Sardi nel mondo. La storia di Arianna Lai, esperta di comunicazione, da Sarroch a Siviglia
Cosa spinge i giovani sardi a lasciare la propria terra? Oggi ne parliamo con Arianna Lai, 31enne originaria di Sarroch ma che da anni vive e lavora in Spagna nel settore della comunicazione
Articolo di Matilde Bella
Cosa spinge i giovani ad andarsene dalla propria terra, alla ricerca di un percorso a tratti più difficile ma che, paradossalmente, sembra l’unico possibile per la realizzazione dei propri obiettivi e per la propria crescita personale? Quale rapporto controverso anima i loro sentimenti verso le proprie origini? Ma, soprattutto, quali scenari hanno fatto sì che si concretizzassero la partenza, il trasferimento verso nuove regioni e nazioni?
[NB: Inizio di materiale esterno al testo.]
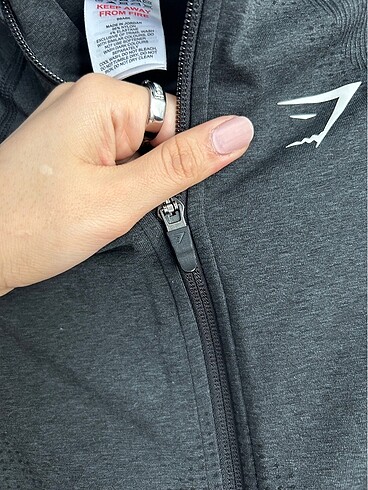 s Beden Gymshark hırka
Oggi ne parliamo con Arianna Lai, 31enne originaria di Sarroch ma che da anni vive e lavora in Spagna.
Strategist, consulente e formatrice specializzata in branding, content marketing ed esperta in progetti editoriali. Quale percorso hai intrapreso per arrivare ad avere tutte queste abilità? Quando e come hai capito che quella della comunicazione sarebbe stata la tua strada?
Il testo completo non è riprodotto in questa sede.